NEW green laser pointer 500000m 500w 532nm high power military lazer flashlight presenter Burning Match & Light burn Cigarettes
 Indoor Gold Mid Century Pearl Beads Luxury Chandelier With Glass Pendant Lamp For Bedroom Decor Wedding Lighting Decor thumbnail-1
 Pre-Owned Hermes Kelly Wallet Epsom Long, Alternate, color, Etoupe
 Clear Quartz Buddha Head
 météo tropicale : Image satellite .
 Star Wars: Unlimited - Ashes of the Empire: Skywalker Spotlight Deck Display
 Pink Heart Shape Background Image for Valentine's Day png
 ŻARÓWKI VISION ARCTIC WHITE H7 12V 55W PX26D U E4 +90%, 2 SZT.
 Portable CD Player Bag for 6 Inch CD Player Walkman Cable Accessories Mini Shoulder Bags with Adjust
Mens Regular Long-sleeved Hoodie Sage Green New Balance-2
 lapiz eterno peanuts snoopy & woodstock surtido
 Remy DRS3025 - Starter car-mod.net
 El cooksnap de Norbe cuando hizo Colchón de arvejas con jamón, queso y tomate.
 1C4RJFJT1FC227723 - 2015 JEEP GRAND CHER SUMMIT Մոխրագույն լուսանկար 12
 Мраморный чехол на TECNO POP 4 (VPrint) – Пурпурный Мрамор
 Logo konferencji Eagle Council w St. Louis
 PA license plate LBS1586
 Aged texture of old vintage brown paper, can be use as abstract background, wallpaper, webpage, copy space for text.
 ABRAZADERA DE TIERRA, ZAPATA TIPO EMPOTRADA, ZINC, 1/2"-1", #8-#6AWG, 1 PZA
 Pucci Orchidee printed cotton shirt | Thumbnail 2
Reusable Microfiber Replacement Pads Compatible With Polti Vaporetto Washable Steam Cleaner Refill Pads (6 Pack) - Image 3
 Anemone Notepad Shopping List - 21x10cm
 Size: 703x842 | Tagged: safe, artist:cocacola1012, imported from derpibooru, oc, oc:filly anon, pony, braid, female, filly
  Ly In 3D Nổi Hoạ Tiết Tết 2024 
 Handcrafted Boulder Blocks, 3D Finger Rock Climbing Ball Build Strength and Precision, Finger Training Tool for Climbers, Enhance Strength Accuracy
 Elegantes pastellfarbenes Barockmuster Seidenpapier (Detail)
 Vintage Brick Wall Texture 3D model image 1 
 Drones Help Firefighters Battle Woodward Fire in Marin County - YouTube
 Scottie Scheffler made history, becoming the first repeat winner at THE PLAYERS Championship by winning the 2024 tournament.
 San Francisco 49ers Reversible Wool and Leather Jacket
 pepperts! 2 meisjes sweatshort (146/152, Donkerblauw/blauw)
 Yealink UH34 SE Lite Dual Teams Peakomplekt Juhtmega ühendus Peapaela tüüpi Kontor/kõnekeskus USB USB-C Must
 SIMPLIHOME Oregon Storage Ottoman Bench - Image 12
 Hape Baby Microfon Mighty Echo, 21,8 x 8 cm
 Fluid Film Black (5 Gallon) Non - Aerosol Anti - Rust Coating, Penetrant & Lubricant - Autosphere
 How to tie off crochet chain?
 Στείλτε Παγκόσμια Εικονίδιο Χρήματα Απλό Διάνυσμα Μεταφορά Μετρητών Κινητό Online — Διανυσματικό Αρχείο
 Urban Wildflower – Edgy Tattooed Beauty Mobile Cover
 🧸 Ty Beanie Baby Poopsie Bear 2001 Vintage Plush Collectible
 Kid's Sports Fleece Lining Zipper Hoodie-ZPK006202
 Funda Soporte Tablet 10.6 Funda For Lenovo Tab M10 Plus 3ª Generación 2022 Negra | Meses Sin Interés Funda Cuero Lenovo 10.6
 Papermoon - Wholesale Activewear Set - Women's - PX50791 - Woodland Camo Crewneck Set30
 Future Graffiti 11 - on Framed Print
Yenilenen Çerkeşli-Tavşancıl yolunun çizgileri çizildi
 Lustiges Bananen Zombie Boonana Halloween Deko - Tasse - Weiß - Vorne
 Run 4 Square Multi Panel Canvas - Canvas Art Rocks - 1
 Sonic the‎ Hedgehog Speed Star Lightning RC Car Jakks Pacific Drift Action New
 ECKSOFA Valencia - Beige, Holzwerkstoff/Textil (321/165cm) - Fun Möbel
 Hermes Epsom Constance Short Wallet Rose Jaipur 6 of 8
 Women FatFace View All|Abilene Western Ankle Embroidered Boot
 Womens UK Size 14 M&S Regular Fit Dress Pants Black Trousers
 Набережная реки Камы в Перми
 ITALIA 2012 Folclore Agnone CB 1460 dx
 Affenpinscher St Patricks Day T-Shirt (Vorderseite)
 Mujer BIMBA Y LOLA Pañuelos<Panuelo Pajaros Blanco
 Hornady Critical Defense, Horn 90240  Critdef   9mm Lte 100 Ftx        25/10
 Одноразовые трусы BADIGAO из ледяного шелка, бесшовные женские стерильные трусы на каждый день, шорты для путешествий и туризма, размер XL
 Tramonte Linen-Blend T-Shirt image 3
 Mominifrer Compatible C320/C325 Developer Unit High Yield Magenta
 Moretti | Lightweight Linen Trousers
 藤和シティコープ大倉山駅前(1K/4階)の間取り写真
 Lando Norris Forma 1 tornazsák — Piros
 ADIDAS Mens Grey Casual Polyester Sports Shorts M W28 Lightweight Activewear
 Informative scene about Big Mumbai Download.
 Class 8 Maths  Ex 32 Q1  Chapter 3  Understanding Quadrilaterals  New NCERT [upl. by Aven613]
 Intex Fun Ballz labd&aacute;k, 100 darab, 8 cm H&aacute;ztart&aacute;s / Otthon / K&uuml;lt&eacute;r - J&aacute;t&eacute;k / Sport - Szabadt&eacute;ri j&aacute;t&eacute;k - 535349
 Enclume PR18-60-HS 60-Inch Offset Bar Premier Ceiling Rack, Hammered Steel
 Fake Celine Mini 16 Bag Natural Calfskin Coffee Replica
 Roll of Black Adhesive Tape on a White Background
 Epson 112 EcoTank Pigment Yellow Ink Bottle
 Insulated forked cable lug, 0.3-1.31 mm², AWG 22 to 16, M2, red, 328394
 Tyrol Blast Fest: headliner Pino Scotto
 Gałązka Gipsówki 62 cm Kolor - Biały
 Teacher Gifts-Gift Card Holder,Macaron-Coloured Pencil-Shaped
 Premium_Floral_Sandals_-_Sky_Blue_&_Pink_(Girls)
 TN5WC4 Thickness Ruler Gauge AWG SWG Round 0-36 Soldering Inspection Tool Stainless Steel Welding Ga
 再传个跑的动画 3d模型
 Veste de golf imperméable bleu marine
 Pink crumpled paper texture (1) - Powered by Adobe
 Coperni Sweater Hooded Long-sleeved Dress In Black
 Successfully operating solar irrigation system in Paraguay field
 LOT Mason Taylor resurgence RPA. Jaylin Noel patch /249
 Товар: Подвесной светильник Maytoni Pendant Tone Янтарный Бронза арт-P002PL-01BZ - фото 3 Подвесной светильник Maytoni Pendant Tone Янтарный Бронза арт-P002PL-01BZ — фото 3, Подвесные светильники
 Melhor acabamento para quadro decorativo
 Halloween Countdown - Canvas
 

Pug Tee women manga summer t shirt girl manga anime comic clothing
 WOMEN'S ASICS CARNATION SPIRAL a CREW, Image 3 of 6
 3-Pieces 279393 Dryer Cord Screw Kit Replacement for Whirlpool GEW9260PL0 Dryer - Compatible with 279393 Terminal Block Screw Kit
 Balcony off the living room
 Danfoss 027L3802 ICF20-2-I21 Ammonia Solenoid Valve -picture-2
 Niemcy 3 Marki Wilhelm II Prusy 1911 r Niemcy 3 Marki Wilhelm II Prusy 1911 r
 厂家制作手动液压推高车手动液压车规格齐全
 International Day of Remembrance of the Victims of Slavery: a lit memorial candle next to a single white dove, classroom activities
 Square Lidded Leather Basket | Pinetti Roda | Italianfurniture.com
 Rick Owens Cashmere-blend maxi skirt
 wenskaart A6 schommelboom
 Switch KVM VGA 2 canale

|---|

ACTIVITY
In the listing above, find the line with "Coperni Sweater Hooded" and the line with "LOT Mason Taylor". Output those two lines and every line between them, exactly as written.

OUTPUT BELOW
 Coperni Sweater Hooded Long-sleeved Dress In Black
 Successfully operating solar irrigation system in Paraguay field
 LOT Mason Taylor resurgence RPA. Jaylin Noel patch /249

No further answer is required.